Our aim as roasters is not only to source exceptional coffees, but also to shed light on the nuanced supply chain behind each cup you drink. Throughout our travels, photographer Rich Gilligan has been quietly at our side, helping document the subtle moments that complete the story. 

You traveled with us previously, to Colombia, to take photos for our first volume of Parchment. How did this trip to Kenya compare for you? 

Much like my trip to Colombia for Parlor, this was my first time visiting Africa, which for me was an incredible cultural experience. Trying to absorb it all and respond to the energy and warmth of the people while taking in the landscape was so powerful. 

Did you approach this trip any differently as a photographer? 

To be completely honest, I didn’t have time to really consider a different approach. It was a fast-moving adventure from the moment I stepped off the plane in Nairobi. I guess in the back of my mind I always have certain ideas of how I’ll try to tell a story visually, but a huge part of how I work is reactive: I need to stay flexible to respond to unexpected moments as they appear. It's almost like trying to tune into a frequency where you’re super focused and aware of the texture and atmosphere of everything around you. I feel like I completely experience a kind of flow state when working like this. Time disappears and I’m so present and engaged in my surroundings. 

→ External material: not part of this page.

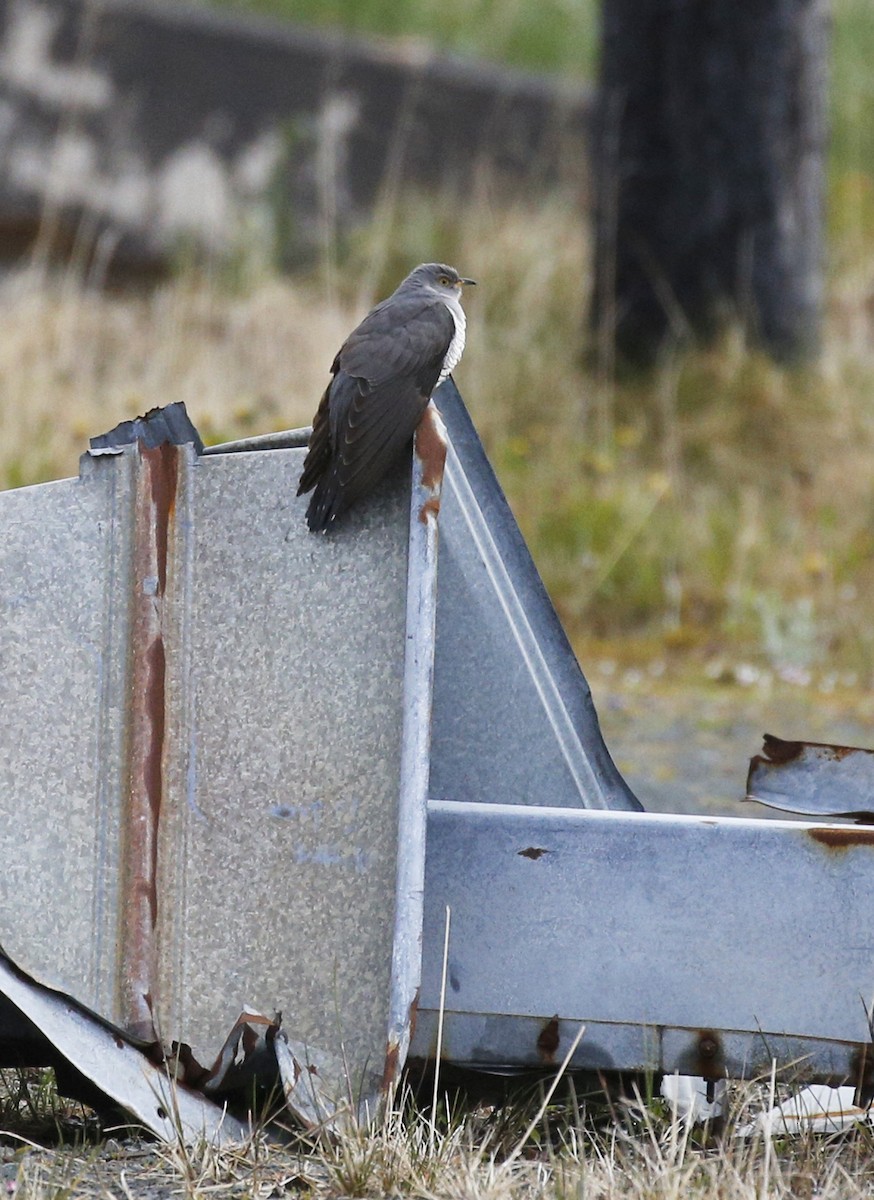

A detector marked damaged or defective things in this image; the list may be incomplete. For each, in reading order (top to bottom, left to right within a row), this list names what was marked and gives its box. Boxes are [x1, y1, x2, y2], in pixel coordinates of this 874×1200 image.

Has your relationship to drinking coffee changed since you started working at coffee origins?

Absolutely. I’ve learned a lot about the whole process in general, and just how nuanced and different each bean is. It’s amazing seeing how committed Dillon and the team are to discovering the best blends and connecting with good people while doing that. I genuinely had no idea of the amount of work that goes into each cup. 

What did you enjoy most while making this film?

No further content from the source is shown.